Egli muore nel 1944 ad Oslo.
Munch matura un pensiero fortemente negativo di cui le teorie anticipano di un decennio le basi dell’Espressionismo.
Rifiuterà la pittura en plein air dichiarando che “non dipingo mai ciò che vedo ma solo ciò che ho visto”.
Nel 1892 espone a Berlino cinquanta dipinti, ma dopo solo una settimana la mostra viene sospesa a seguito del drastico giudizio della critica: “un insulto all’arte”.
Il regime hitleriano, inoltre, definirà 82 delle sue opere “degenerate” ordinandone il ritiro dai musei o, addirittura, la loro distruzione.
Edvard vedeva la realtà attraverso il senso angoscioso della morte.
Il messaggio più angosciante lo trasmette attraverso “L'urlo“.
Il dipinto fa parte della narrazione ciclica “Il Fregio della vita”, composta da molte tele suddivise in quattro temi: La nascita dell’amore, La fioritura e la dissoluzione dell’amore, La paura di vivere, La morte. L'urlo appartiene a La paura di vivere.
E’ stato realizzato nel 1893 ed in seguito anche riproposto in altre versioni.
Il dipinto autobiografico rappresenta un uomo in primo piano: al posto della testa ha un enorme cranio privo di capelli come fosse un sopravvissuto ad una carestia, gli occhi sbarrati sembrano aver visto qualcosa di ripugnante, mentre le labbra bluastre rimandano alla morte.

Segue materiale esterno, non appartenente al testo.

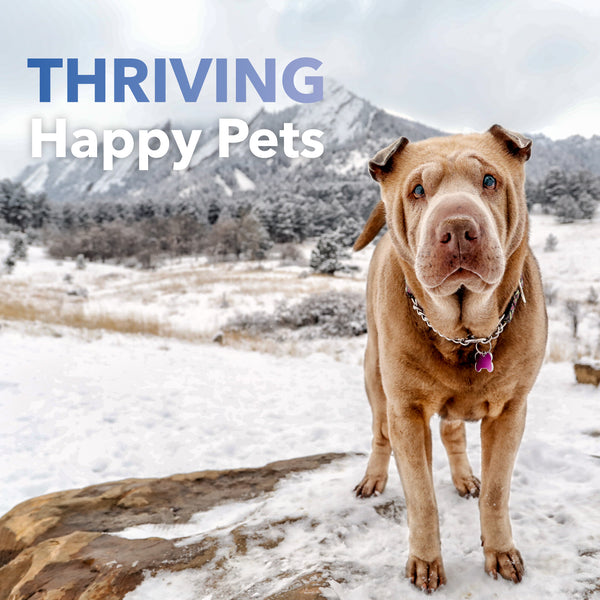 Kidney Supplement for Dogs + Cats (BioRen)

L’uomo esprime il dramma dell’umanità ed il ponte rappresenta gli innumerevoli ostacoli che ognuno deve superare durante la propria vita.
Gli amici, che continuano a camminare noncuranti, simboleggiano la falsità dei rapporti umani.
L'urlo trasmette l’angoscia propria dell’artista. E’ l’urlo di chi si è perso dentro sé e si sente solo, anche in mezzo alla gente. E’ puro espressionismo pittorico.